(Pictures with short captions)
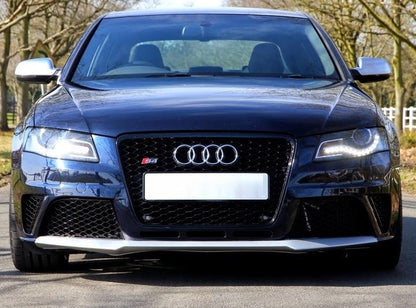 💥ART.3738 PARAURTI ANTERIORE SPORT adatto per AUDI A4 B8 08-11💥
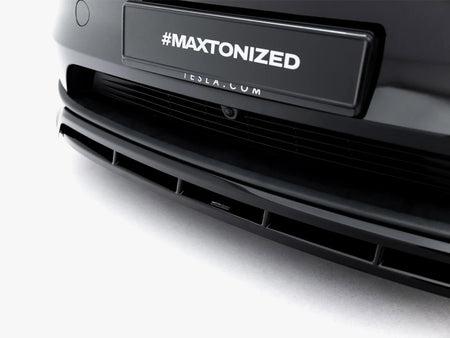 Front Splitter Tesla Model Y Premium Mk1 Facelift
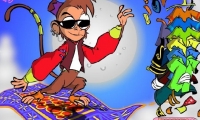 Abu Dressup Game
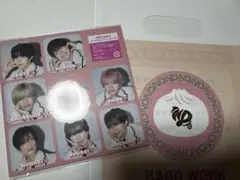 なにわ男子　HARD WORK スキスギるエディション ショッパー付③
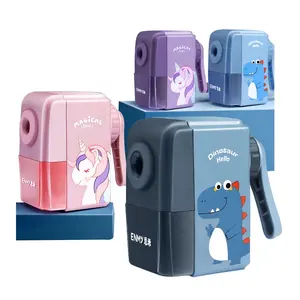 Buy Wholesale China Battery And Usb Powered Cute Fast Sharpen Electric  Pencil Sharpener Easy To Use For Classroom School & Fast Sharpen Electric  Pencil Sharpener at USD 2.5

▶ [Action item]:
At the line containing "Abu Dressup Game", begin reproducing the entries word for word, and continue through their last line. Leave out the pictures.

▶ [Task solution]:
 Abu Dressup Game
 なにわ男子　HARD WORK スキスギるエディション ショッパー付③
 Buy Wholesale China Battery And Usb Powered Cute Fast Sharpen Electric  Pencil Sharpener Easy To Use For Classroom School & Fast Sharpen Electric  Pencil Sharpener at USD 2.5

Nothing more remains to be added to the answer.